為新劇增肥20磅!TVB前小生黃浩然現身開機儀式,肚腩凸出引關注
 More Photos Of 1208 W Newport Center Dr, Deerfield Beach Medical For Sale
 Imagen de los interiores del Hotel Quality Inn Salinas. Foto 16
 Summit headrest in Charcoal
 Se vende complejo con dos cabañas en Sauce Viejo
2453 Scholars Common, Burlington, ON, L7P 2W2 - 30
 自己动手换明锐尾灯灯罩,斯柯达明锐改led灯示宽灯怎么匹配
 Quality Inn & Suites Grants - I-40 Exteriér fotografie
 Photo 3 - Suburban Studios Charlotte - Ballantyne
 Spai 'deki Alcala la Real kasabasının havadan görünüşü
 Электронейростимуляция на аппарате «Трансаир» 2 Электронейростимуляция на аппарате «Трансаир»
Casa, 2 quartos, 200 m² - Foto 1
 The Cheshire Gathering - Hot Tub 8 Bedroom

To do:
What's needed is a word-for-word copy of the lines from the one holding "Imagen de los" through the final line of the data.

Answer space:
 Imagen de los interiores del Hotel Quality Inn Salinas. Foto 16
 Summit headrest in Charcoal
 Se vende complejo con dos cabañas en Sauce Viejo
2453 Scholars Common, Burlington, ON, L7P 2W2 - 30
 自己动手换明锐尾灯灯罩,斯柯达明锐改led灯示宽灯怎么匹配
 Quality Inn & Suites Grants - I-40 Exteriér fotografie
 Photo 3 - Suburban Studios Charlotte - Ballantyne
 Spai 'deki Alcala la Real kasabasının havadan görünüşü
 Электронейростимуляция на аппарате «Трансаир» 2 Электронейростимуляция на аппарате «Трансаир»
Casa, 2 quartos, 200 m² - Foto 1
 The Cheshire Gathering - Hot Tub 8 Bedroom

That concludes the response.